Capillary action, or capillarity, is a very useful physical phenomenon. I mentioned capillarity in the context of heat pipes in a previous article (Pumping Water, August 10, 2010).

A heat pipe is a passive device that uses the surface tension effect between liquids and solids, also known as capillarity, to transport heat. The liquid extracts heat by boiling, the vapors migrate to a part of the heat pipe that's below the boiling point, where they condense, and the liquid is drawn back to the hot zone via capillarity in a wicking material.

In a blatant use of the rhetorical ploy called ad auctoritatem, I'll mention that one of Einstein's first papers (Folgerungen aus den Capillaritätserscheinungen, 1901) was about capillarity.[1] As I wrote in a recent article (Trees, Wooden Variety, July 27, 2011), tall trees use capillarity to raise water to heights beyond the thirty foot limit of suction pumps.

Capillary action will lift water in a tube of inside radius r to an approximate height h given by
h = (1.4 x 10-5)/ r

where h and r are in the same units. A tube of one micrometer radius will raise water to a height of about 14 meters, and the equation asserts wonderful things for smaller radii. In reality, how small can we make a tube and still get water to suck up into it?
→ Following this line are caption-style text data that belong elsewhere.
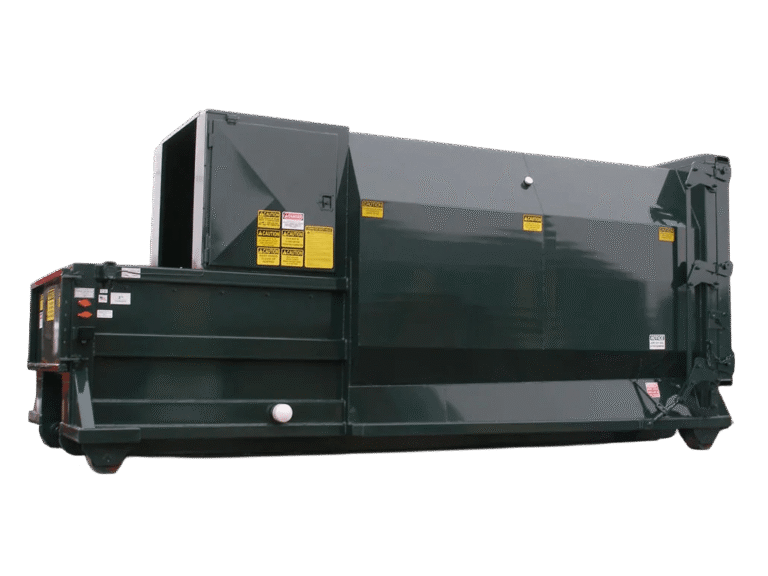 A dark green Nedland 2 yard self-contained compactor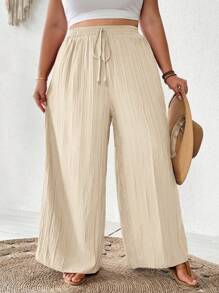 SHEIN CURVE+ 女士加大码新款商务休闲夏季沙滩裤，时尚通勤优雅紫色莲藕粉色阔腿裤带口袋，海滩度假装束加大码曲线裤曲线夏季裤加大码波西米亚风裤曲线阔腿裤加大码沙滩裤 - 杏色 - 查看 7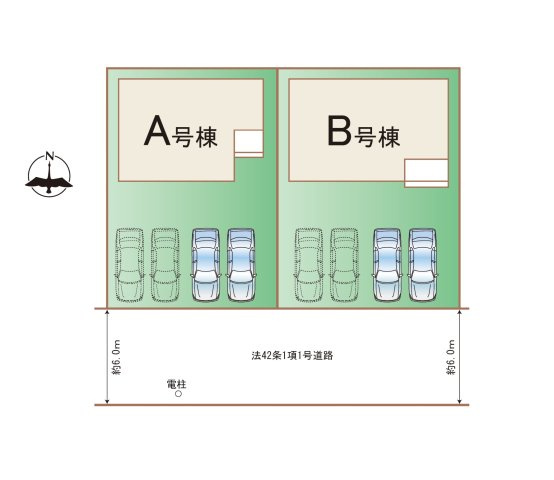 古賀市千鳥2丁目第1-2棟（A号棟）の区画図|配置図（A号棟）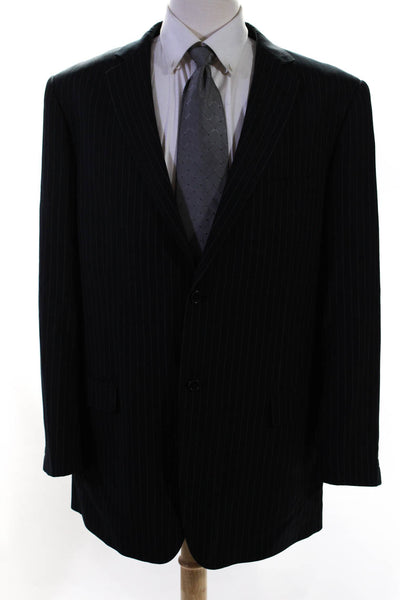 Gianni Uomo Men's Collared Long Sleeves Shoulder Pad Pin Striped Jacket Size 46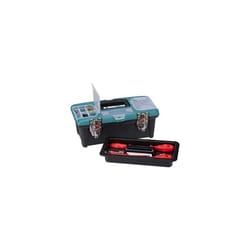 Relaxdays Empty Tool Box with Carry Handle Plastic Lockable Tool Box HBT 13 x 33 x 18 cm Black/Green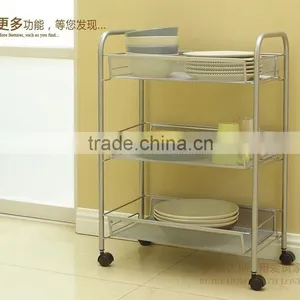 Metal Mesh Rolling Cart Trolly Organizer Shelves Handle Portable Style thumbnail-2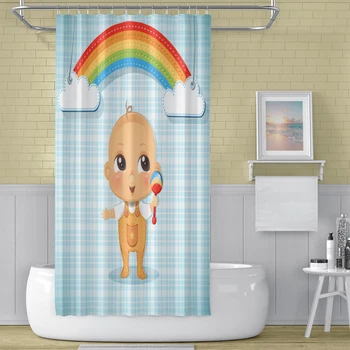 

Baby Cartoon Pattern Printed Shower Curtain Waterproof Fabric Bathroom 12 Hooks Bohemian Bath Screen for Bathroom Decor Gift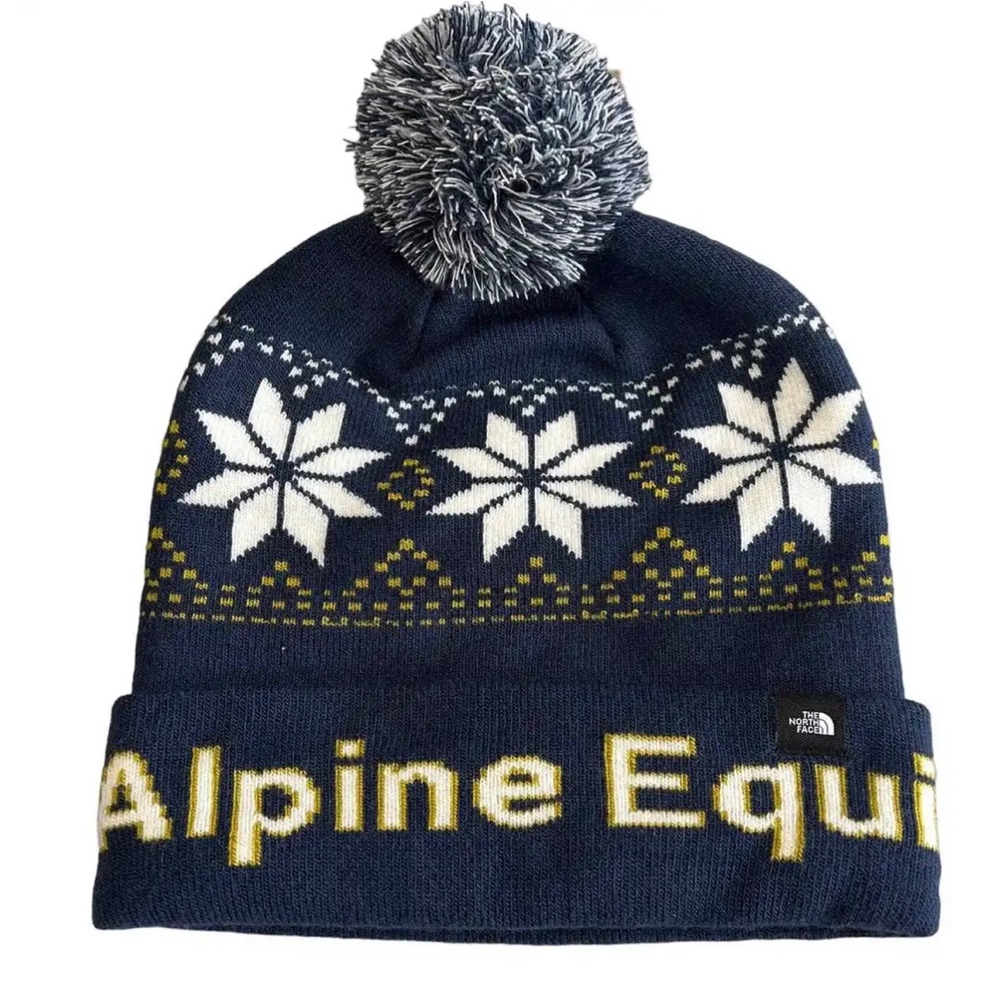 NWT The North Face Ski Tuke Pom Beanie Navy/White Alpine Equipment Fine Cap Hat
Scientists have taken the problem to an extreme by showing that water spontaneously flows into carbon nanotubes.[2-4] This is unexpected, since a cursory analysis of what should happen when water is confined at these near atomic scale dimensions indicates that entropy and bonding should both decrease; that is, water really shouldn't get sucked into nanotubes.

To discover why it happens, scientists at Caltech used molecular dynamics simulations of water confined in 0.8 to 2.7-nm diameter carbon nanotubes to calculate the entropy, enthalpy, and free energy. The simulations show that for all nanotube sizes, the water inside the nanotube is more stable than bulk water. However, the conformation of the water changes with nanotube size.

A cutaway simulation of a two nanometer-diameter carbon nanotube with confined water molecules.

(Caltech Image/Tod Pascal))

In small diameter nanotubes (0.8 - 1.0 nm), the water is vapor-like; for 1.1 - 1.2 nm, the water is ice-like; and for diameters larger than 1.4 nm, the water is liquid-like.[2] The parameter that's responsible for the stability of water inside carbon nanotubes is the entropy change.

Says William A. Goddard, Charles and Mary Ferkel Professor of Chemistry, Materials Science, and Applied Physics at Caltech, and director of its Materials and Process Simulation Center, "It's a pretty surprising result... People normally focus on energy in this problem, not entropy."[3]

The simplistic view is that water, which forms a network of hydrogen bonds, is very stable, and breaking these hydrogen bonds so that water can flow into the small volume of a nanotube requires energy. What happens is that the hydrogen bonds in bulk water restrict molecular motion, so the entropy of bulk water is low. The entropy that water gains by entering the nanotubes is enough to outweigh any energy losses of hydrogen bond breaking. It's energetically favored for water to spontaneously flow into the tubes.

Grave of Ludwig Boltzmann at the Zentralfriedhof (Central Cemetery) of Vienna, Austria

At the top is his famous entropy equation,
S = k log W.

The modern transcription uses Ω instead of W. Both of these letters are mapped to 'W' on the keyboard, so if you mistype, no one will notice.

(Photo by Daderot, via Wikimedia Commons))

The interesting ice-like structure that exists for water inside 1.1 - 1.2 nm diameter nanotubes is the result of a perfect match between the confined space, the arrangement of atoms in the water molecule, and the hydrogen bonding between molecules.[3]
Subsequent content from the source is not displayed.